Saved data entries

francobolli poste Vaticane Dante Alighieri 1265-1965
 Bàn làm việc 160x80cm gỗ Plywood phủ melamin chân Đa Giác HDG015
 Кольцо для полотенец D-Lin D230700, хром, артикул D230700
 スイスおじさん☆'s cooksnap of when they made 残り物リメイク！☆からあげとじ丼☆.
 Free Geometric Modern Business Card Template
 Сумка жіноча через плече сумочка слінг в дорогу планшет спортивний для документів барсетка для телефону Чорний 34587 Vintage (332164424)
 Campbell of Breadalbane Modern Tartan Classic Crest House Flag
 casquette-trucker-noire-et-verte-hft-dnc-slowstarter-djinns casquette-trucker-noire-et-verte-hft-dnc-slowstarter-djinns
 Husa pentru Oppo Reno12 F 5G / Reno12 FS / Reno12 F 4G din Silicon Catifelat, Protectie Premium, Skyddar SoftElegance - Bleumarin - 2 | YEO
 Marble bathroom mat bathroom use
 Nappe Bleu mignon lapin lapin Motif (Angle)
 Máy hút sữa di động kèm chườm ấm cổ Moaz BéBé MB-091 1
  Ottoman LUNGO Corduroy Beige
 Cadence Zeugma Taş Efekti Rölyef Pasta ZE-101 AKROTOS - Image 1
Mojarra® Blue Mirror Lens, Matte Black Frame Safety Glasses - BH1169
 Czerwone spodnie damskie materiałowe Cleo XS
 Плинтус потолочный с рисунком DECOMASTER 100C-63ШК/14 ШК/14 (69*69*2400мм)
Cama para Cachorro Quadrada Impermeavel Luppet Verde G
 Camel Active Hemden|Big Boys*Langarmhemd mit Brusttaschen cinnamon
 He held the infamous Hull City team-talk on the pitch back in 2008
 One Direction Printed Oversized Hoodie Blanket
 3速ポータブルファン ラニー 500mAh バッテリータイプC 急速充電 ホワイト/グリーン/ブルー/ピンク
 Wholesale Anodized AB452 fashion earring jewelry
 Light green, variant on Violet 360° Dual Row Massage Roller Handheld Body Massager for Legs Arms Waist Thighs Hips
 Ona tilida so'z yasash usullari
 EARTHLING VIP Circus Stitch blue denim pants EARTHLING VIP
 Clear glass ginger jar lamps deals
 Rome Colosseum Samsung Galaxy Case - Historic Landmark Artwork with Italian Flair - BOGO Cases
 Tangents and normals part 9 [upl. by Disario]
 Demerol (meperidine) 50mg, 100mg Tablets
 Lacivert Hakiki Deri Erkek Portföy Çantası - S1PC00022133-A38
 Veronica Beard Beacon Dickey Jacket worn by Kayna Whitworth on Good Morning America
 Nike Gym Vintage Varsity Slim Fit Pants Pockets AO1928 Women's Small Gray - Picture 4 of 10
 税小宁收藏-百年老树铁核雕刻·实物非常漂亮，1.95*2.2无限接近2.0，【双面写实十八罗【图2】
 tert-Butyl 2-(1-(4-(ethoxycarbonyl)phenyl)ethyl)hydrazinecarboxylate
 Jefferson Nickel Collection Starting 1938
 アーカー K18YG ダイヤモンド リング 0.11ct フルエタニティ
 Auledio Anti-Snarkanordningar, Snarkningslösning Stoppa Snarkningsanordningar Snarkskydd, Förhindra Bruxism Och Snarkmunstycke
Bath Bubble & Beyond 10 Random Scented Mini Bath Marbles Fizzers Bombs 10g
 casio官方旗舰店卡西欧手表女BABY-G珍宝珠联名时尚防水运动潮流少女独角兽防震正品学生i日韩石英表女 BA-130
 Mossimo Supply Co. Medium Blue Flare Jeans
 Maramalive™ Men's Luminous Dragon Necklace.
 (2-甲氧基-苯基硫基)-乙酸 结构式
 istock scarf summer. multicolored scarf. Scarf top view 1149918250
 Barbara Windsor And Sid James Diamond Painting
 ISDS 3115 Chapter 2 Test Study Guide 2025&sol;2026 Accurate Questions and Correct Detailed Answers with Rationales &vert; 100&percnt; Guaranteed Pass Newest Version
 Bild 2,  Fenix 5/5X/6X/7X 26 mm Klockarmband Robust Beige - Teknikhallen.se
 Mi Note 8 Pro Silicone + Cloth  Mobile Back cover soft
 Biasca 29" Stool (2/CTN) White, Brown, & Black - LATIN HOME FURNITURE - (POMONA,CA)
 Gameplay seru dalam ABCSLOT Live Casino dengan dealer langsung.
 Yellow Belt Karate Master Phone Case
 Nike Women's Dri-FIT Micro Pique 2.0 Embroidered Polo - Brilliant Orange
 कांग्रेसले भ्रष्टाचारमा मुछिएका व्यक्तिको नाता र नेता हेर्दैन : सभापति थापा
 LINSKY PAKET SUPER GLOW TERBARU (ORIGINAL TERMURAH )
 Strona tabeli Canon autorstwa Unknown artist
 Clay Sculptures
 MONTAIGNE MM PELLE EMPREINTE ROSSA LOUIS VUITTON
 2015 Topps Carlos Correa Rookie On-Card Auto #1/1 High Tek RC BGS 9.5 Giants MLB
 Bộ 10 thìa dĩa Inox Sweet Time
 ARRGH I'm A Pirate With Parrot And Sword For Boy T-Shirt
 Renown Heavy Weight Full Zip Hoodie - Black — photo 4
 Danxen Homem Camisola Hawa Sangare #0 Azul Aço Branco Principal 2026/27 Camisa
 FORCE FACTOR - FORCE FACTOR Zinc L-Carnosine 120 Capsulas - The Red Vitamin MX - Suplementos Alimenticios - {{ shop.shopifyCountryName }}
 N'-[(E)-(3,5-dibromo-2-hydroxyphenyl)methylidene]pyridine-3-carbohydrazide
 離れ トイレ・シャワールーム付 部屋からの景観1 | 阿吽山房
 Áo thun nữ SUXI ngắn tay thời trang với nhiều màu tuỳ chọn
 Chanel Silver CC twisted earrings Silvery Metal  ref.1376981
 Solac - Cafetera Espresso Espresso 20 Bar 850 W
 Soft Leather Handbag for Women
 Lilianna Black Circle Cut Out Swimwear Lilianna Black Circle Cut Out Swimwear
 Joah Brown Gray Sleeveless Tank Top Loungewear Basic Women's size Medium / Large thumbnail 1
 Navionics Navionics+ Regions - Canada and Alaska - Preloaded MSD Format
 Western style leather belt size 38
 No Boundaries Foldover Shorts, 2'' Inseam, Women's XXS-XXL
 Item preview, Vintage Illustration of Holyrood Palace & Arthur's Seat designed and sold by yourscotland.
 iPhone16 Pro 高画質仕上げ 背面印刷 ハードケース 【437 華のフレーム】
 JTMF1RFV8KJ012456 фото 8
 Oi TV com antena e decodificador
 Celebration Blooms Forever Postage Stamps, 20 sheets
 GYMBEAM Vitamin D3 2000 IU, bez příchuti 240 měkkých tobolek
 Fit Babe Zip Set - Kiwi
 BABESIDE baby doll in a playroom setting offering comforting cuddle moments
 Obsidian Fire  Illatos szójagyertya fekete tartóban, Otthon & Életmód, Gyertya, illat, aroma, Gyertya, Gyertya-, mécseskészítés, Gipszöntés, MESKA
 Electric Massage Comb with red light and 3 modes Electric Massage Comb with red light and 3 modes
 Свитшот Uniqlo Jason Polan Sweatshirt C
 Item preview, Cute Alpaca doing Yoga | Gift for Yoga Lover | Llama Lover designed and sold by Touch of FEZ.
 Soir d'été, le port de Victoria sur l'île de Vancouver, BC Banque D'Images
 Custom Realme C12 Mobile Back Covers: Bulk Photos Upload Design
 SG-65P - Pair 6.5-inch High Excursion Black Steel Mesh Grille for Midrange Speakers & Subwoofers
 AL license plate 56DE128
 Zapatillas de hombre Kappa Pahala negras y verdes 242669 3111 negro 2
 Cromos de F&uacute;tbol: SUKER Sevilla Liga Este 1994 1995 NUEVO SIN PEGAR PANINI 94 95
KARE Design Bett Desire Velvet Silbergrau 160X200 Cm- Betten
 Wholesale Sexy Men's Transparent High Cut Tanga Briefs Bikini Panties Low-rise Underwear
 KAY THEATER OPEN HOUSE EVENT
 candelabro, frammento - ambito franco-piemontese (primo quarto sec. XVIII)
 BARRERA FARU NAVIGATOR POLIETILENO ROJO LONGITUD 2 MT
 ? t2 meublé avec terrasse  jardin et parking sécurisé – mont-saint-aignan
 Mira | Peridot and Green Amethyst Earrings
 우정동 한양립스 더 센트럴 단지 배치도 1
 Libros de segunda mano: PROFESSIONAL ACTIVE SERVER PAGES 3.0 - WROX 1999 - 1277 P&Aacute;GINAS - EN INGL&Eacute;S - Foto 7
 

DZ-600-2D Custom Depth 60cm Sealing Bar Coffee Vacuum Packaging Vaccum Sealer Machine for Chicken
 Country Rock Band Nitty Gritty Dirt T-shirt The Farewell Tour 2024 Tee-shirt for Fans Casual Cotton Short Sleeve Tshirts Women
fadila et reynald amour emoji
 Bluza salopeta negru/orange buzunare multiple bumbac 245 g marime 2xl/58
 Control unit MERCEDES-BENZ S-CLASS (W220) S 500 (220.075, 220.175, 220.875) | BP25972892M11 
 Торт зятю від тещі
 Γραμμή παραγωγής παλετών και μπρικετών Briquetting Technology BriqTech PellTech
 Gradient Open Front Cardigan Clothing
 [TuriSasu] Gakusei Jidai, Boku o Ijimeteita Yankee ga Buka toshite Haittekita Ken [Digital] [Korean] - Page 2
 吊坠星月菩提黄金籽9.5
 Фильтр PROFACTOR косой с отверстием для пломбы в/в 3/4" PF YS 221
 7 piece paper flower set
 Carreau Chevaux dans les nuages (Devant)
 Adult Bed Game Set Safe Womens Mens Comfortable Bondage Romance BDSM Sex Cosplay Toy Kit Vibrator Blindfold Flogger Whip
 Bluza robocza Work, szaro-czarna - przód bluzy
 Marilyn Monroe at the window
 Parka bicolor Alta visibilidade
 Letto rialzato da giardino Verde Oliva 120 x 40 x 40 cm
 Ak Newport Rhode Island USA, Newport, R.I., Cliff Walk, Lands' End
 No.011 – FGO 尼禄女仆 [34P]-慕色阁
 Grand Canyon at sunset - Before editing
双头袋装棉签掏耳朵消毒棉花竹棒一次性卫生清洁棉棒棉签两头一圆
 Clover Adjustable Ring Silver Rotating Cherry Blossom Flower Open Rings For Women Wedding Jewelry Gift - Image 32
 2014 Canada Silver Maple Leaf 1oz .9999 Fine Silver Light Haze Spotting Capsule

▸ **Work instructions**
Look through the entries above. Extract each line with the word "Modern".

▸ **Expected output**
 Free Geometric Modern Business Card Template
 Campbell of Breadalbane Modern Tartan Classic Crest House Flag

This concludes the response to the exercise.